*Aim of the task*: Please return the lines of the data that contain "Mini".

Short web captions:
○ ○ ○ ○ ○

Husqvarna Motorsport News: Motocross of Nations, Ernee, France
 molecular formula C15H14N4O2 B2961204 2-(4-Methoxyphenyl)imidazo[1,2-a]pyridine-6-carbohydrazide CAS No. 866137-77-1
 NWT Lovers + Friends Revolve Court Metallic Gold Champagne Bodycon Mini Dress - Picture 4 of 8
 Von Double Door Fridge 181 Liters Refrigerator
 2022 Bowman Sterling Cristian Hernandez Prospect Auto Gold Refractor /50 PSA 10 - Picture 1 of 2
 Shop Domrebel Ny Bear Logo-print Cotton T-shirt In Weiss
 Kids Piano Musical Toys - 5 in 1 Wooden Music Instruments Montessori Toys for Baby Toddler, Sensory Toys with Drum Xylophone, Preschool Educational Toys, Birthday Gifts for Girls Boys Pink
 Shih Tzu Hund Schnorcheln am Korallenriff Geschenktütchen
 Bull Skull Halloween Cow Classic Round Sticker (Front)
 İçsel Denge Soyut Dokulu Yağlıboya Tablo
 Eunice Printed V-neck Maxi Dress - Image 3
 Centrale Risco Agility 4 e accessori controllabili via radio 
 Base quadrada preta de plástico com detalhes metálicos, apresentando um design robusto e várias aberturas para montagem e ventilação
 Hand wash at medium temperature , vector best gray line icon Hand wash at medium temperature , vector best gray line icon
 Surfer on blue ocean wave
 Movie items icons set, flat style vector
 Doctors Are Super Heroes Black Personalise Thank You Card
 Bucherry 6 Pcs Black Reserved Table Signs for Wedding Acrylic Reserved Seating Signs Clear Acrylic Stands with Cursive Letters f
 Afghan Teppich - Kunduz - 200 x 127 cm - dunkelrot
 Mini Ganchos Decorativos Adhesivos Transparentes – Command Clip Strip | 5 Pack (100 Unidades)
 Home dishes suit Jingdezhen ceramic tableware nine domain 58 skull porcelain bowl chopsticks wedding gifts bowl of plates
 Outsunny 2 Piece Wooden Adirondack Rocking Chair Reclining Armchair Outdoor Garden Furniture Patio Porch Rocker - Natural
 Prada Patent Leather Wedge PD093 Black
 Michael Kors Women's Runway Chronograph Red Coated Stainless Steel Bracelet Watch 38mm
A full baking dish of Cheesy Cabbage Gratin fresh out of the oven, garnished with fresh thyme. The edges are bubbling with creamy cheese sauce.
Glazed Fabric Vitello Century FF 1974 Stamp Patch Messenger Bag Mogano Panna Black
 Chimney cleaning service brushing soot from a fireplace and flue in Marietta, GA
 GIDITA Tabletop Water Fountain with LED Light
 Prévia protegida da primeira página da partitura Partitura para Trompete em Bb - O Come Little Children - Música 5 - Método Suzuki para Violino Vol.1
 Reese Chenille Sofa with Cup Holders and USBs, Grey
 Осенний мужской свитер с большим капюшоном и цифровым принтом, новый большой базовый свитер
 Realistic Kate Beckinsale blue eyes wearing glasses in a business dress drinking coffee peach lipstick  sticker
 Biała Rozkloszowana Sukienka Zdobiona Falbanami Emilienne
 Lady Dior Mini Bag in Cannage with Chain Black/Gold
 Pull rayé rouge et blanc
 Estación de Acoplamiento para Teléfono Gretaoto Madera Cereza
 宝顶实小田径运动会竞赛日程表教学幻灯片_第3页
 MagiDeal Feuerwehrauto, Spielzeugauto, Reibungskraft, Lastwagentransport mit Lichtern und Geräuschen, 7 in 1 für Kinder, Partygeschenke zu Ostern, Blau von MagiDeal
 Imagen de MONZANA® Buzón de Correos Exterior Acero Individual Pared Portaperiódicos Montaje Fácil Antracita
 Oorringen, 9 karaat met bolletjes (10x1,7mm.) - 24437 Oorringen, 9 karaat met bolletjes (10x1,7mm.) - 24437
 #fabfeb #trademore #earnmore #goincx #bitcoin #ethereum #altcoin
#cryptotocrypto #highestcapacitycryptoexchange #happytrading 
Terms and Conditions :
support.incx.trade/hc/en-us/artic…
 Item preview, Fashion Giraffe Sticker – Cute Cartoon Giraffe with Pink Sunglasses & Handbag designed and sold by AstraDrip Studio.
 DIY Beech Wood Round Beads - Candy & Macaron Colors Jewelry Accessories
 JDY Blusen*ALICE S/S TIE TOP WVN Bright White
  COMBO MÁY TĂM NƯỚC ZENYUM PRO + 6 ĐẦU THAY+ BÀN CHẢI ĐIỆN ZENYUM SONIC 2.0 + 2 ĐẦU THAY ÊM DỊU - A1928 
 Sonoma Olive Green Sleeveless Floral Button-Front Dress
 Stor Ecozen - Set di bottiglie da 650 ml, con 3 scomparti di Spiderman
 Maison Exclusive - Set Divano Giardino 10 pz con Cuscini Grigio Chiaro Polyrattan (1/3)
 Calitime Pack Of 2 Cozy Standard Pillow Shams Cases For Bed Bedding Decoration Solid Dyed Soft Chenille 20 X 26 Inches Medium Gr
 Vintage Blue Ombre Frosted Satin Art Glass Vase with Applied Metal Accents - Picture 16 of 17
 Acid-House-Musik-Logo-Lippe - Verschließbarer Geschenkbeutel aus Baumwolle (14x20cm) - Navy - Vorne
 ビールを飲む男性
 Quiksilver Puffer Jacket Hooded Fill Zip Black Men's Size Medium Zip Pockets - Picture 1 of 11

○ ○ ○ ○ ○

*Solved exercise*:
 NWT Lovers + Friends Revolve Court Metallic Gold Champagne Bodycon Mini Dress - Picture 4 of 8
 Mini Ganchos Decorativos Adhesivos Transparentes – Command Clip Strip | 5 Pack (100 Unidades)
 Lady Dior Mini Bag in Cannage with Chain Black/Gold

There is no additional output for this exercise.